1 State fees for new construction
New housing construction attracts families and adds students to local schools, creating a need for more classrooms. Over the past 12 months almost 50,000 single family housing construction permits were issued in Illinois. A state-assessed fee of $1,000 per new unit could provide over $50 million each year. The potentially harmful impact of this fee on the supply of affordable housing could be lessened by structuring the fee as a percentage of the home’s value. Assessing state impact fees for commercial development and housing rehabilitation could be an additional source of revenue. State construction fees would provide an ongoing, common-sense source of funding for state bonds and Capital Development Board grants.

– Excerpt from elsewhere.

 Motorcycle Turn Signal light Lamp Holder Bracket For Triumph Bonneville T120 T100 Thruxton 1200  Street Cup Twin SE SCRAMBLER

2 State entertainment sales tax
If the state sales tax rate of 5% were applied to arts, entertainment and recreation, the state could raise an additional $100 million each year.

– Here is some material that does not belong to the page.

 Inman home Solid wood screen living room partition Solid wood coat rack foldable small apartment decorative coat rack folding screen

3 Means-test the education expense credit
There currently is no income limit on this credit, which is used to offset expenses for K-12 education. As a result, relatively affluent taxpayers receive most of the benefits from this tax break. Taxpayers with incomes of $60,000 or more account for 65 percent of the tax relief. Allowing the expense only for taxpayers with incomes below $60,000 would recoup an estimated $40 million for the state.
4 Means-test or cap the property tax credit
Currently, state taxpayers may claim a tax credit of 5% of their property taxes. This credit cost Illinois more than $380 million in FY2004. Creating a means-test would preserve the benefit for low- and middle-income families, while reducing the benefits to wealthy homeowners. Alternatively, capping the credit at $300 would accomplish the same goal.

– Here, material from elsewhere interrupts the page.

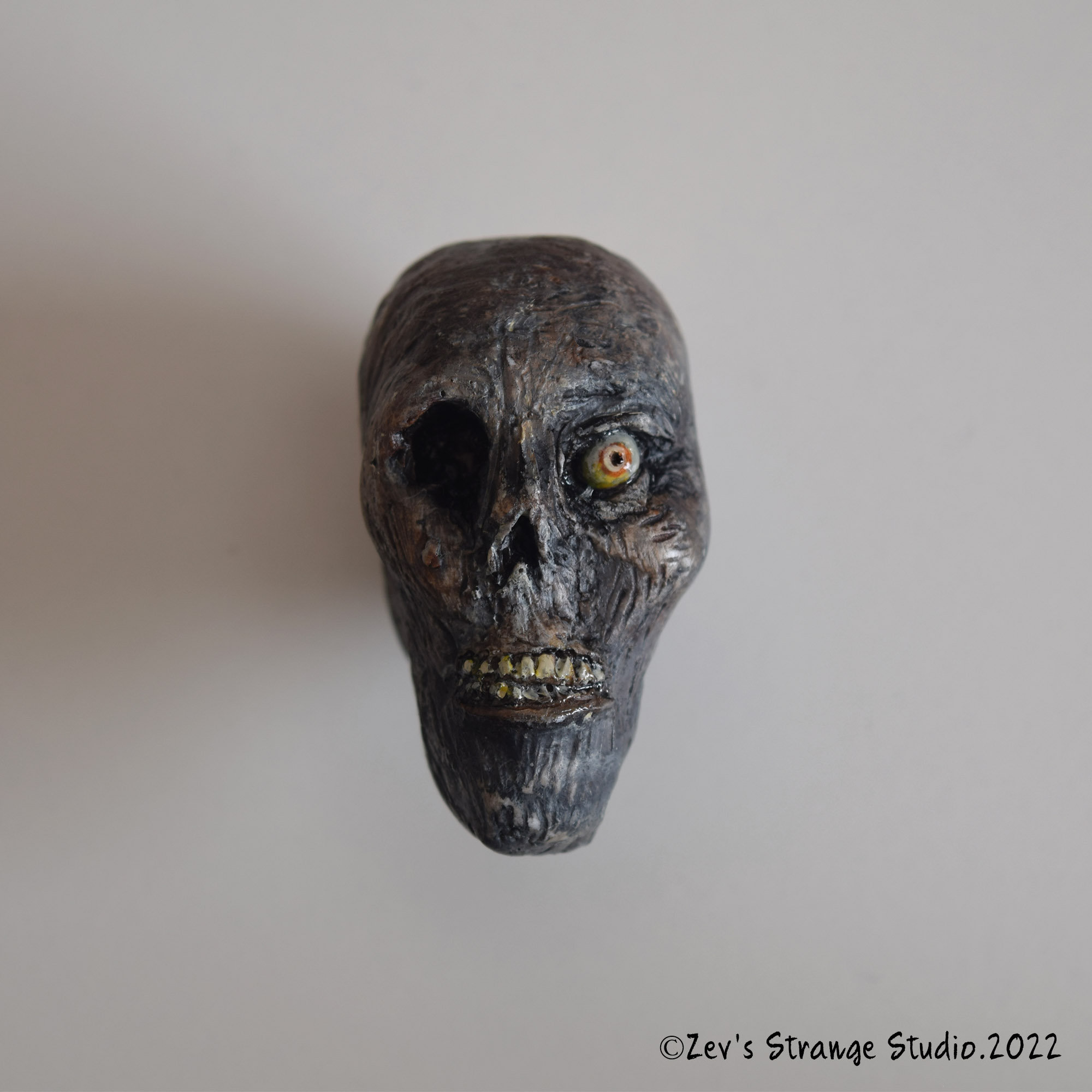 Handmade One Eye Zombie Art Magnet, Horror Sculpture - Etsy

5 Cap the retailer’s discount
This tax break was enacted in 1959 to off-set retailers’ expenses for computing and collecting the state sales tax. Today, the burden is largely eliminated by computerized collection and accounting systems. The retailer’s discount cost the state more than $113 million in FY2004. Capping the discount at the first $1 million of sales taxes collected could provide appropriate protection for small businesses.
6 Reduce the amount of the retailer’s discount
The retailer’s discount currently is set at 1.75% of their sales tax collections. Reducing the amount retailers receive for administrative costs to 1% of their collections would save the state an estimated $50 million.
7 Phase out the income tax exemption for retirement income over $75,000
Illinois is one of only three states that exempt all retirement income from taxation regardless of the wealth of the taxpayer. The exemption applies to income from a CEO’s 401(k) as well as a state retiree’s pension. Currently this exemption costs the state $763 million annually. Taxing some retirement income for high-income retirees could generate hundred of millions of dollars of revenue annually.
8 Collect sales and use taxes from remote vendors (long-term alternative)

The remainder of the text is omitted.